Так что не трепись, а свети[56].
В русских Содоме и Гоморре звездные огни для Слуцкого блистают пустым светом.
* * *
Центральным остается вопрос: что, в конце концов, являет собой «безродье родное» Слуцкого? Изведал ли Слуцкий культурные и метафизические параметры еврейства? Проблема эта двояка. Как мы утверждали, еврейство Слуцкого было глубинным: бытийным, мессианским, историческим. Его поэтическое видение покоится на этой еврейской глыбе. Таков личностный, то есть относящийся к поэзии Слуцкого аспект вопроса. Следующий фактор, более обширный, касается мифотворчества Слуцкого, попытки им установления новой парадигмы еврейской поэтики в русской культуре. Это уже не столько вопрос Слуцкого-поэта, русского, еврейского или вообще художника-творца, сколько по сути русско-еврейского, затрагивающий проблематику взаимодействия двух культур. Разрешение его во втором аспекте и явилось трагедией Слуцкого, став причиной его поэтического молчания.

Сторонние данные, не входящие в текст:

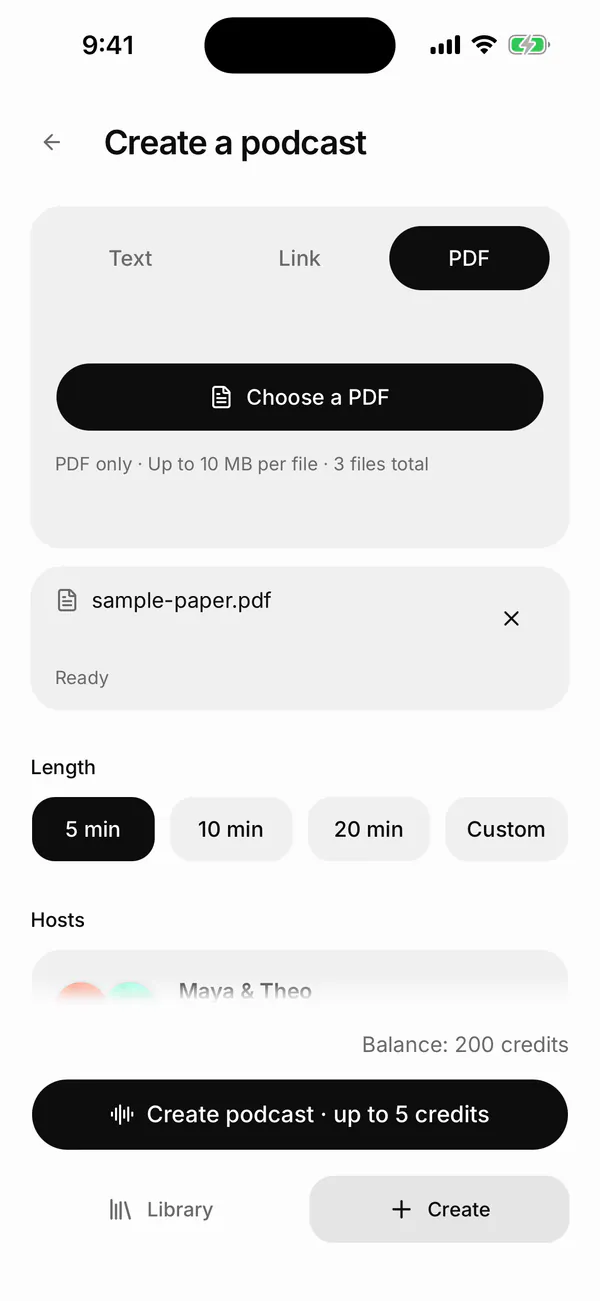 Castella Create a podcast screen in the iPhone Simulator with PDF selected, the rule PDF only · Up to 10 MB per file · 3 files total, and sample-paper.pdf added and marked Ready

Именно образ Слуцкого-читателя переплетает в себе русское и еврейское начала, не позволяя критику расставить все точки над «и». Об этом его самый последний известный нам текст, датированный самим Слуцким, как лишь немногие из его стихов:
Читая параллельно много книг,
ко многим я источникам приник,
Захлёбываясь и не утираясь.
Из многих рек одновременно пью,
Алчбу неутолимую мою
Всю жизнь насытить тщетно я стараюсь.
Уйду, не дочитав, держа в руке
Легчайший томик, но невдалеке
Пять-шесть других рассыплю сочинений.
Надеюсь, что последние слова,
Которые расслышу я едва,
Мне пушкинский нашепчет светлый гений[57].

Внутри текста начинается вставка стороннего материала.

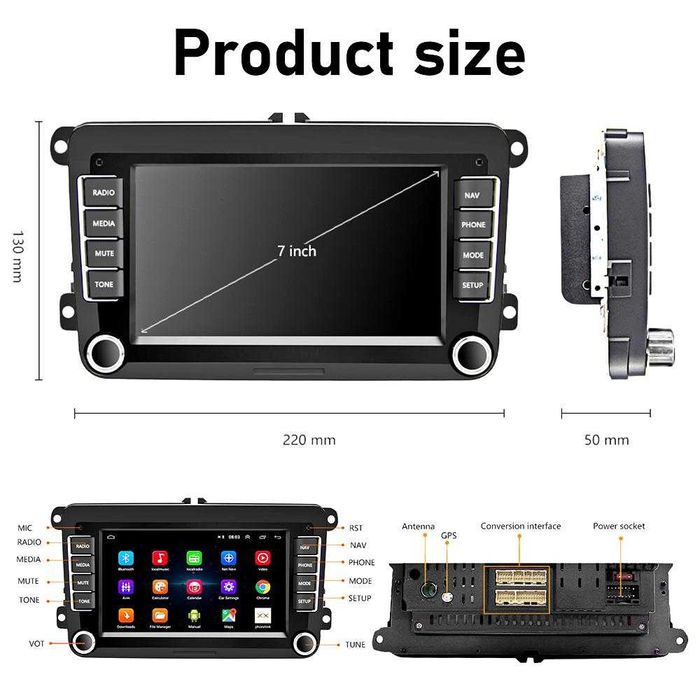 Dvd Player VW, Skoda, Seat, ANDROID, Wi-FI, Dedicat Camera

Из источников, к которым припадал Слуцкий, одним из самых богатых, а часто и самым богатым был еврейский. Стихотворение это сознательно элюзорно и все же можно предположить, что последним «легчайшим томиком», недочитанным поэтом, как раз и являются «старинные тома» русской литературы, которые Слуцкий учил по школьной программе, а именно все то, что осталось после них в результате крушений мифов Слуцкого, представленных наиболее ярко в «Романах для школьной программы». Это точка. Невдалеке рассыпаны пять-шесть неназванных томов, но среди них, опять таки, наиболее весомые и неизведанные — еврейские письмена. Это пространство. Значит, траектории мифотворчества Слуцкого остались теми же, что и в центральном тексте о возвращении:
Я, шагнувший ногою одною,
То ли в подданство, то ли в гражданство.
Возвращаюсь в безродье родное,
Возвращаюсь из точки в пространство[58].
Поэт надеется, что последние слова будут принадлежать Пушкину. Пушкин остается божеством поэта. Да, это Пушкин в облике светлого гения, не народного; Пушкин, который сам, по Слуцкому, поклонялся не народу, не Иисусу, а лишь Аполлону. Но все же это Пушкин, как постоянный знак русской культуры, а значит и русской родни, чужеродность которой Слуцкий вечно осознавал. И в этом суть трагедии Слуцкого. «Родившийся под знаком Пушкина,/ в другую не поверит истину…» писал он. Но с ним как раз и произошло непоправимое: он дерзнул поверить в другую истину, дерзнул, молясь Пушкину, молится и еще своему ненайденному Иегове по-русски. Оба оказались слишком ревнивыми соперниками, закрыв уста дерзновенному пииту.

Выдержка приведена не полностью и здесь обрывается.